BRIEF — Please transcribe the listing that follows exactly; images are to be excluded.

RECORDED INFORMATION —
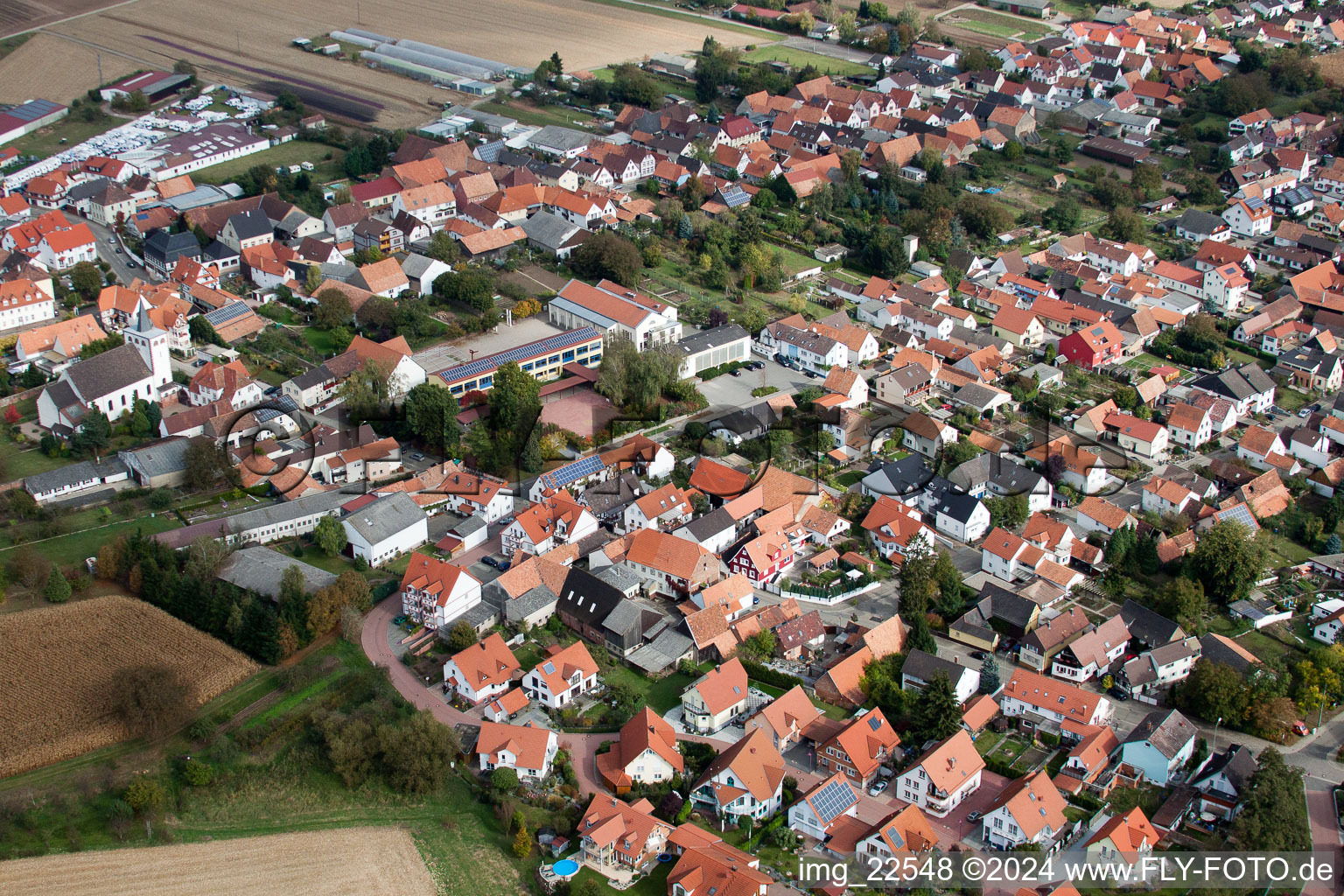 Aerial photograpy of Village - view on the edge of agricultural fields and farmland in Minfeld in the state Rhineland-Palatinate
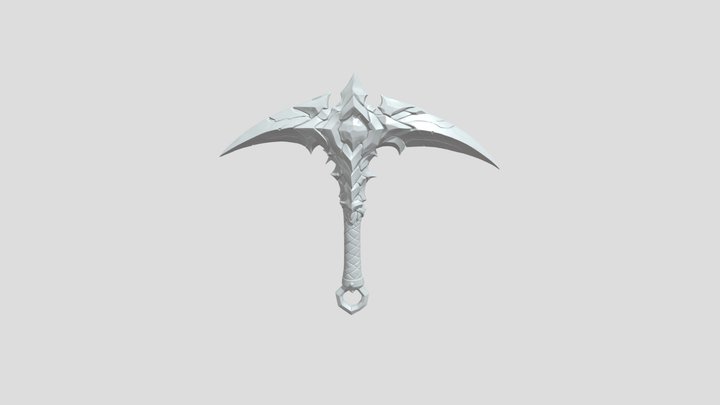 Fantasy purple-engraved dual-blade weapon – Modello 3D gratuito STL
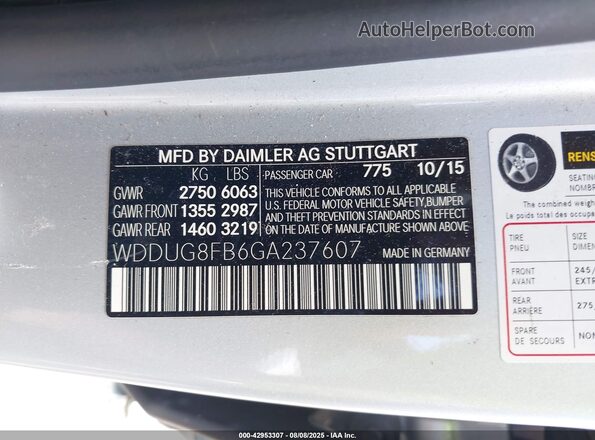 WDDUG8FB6GA237607 2016 MERCEDES-BENZ S-CLASS Серебряный Вид подкапотного пространства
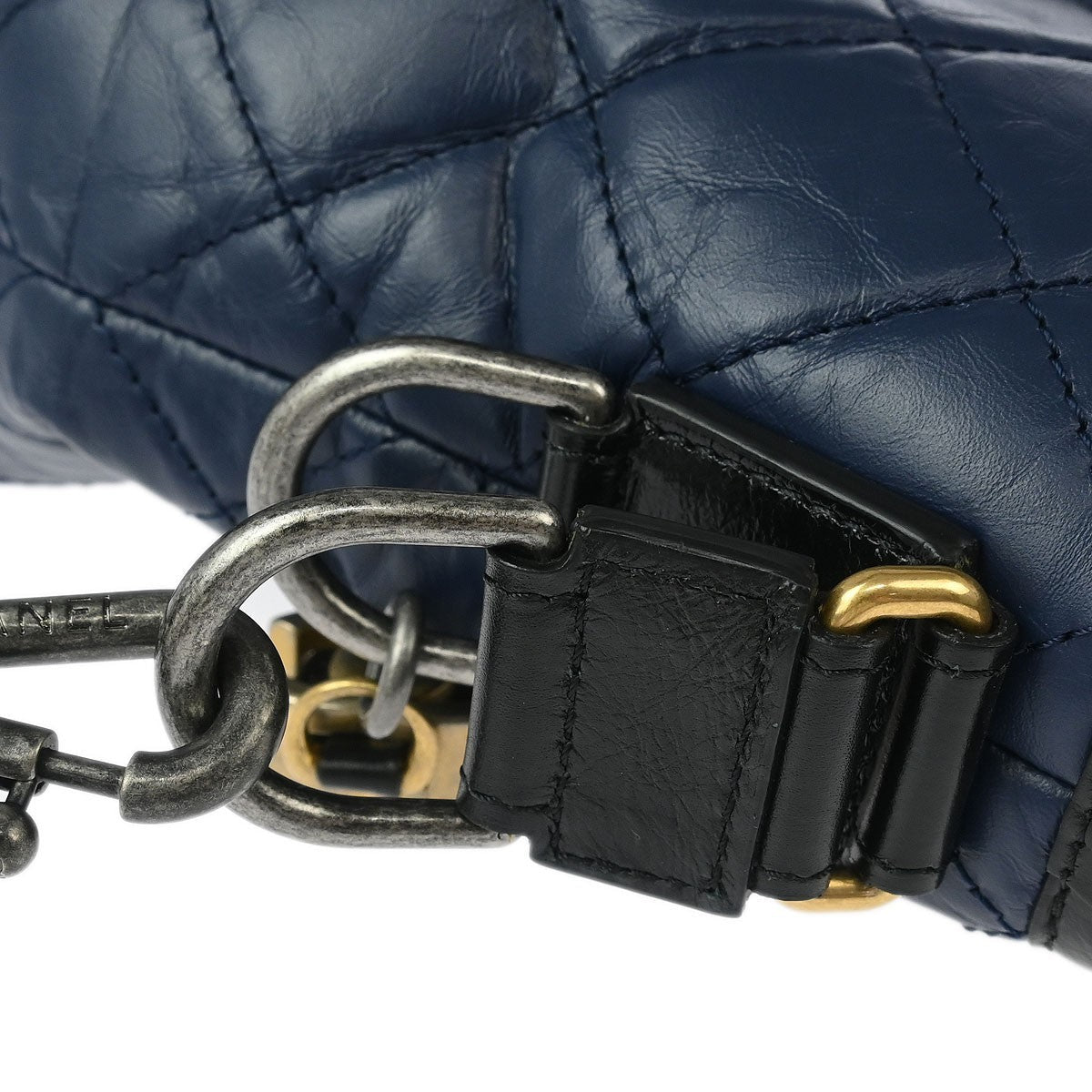 Chanel Gabrielle Shopping Tote Quilted Calfskin Blue Leather Tote Bag Bag (Pre-Owned)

RESPONSE FOR THIS EXERCISE —
 Aerial photograpy of Village - view on the edge of agricultural fields and farmland in Minfeld in the state Rhineland-Palatinate
 Fantasy purple-engraved dual-blade weapon – Modello 3D gratuito STL
 WDDUG8FB6GA237607 2016 MERCEDES-BENZ S-CLASS Серебряный Вид подкапотного пространства
 Chanel Gabrielle Shopping Tote Quilted Calfskin Blue Leather Tote Bag Bag (Pre-Owned)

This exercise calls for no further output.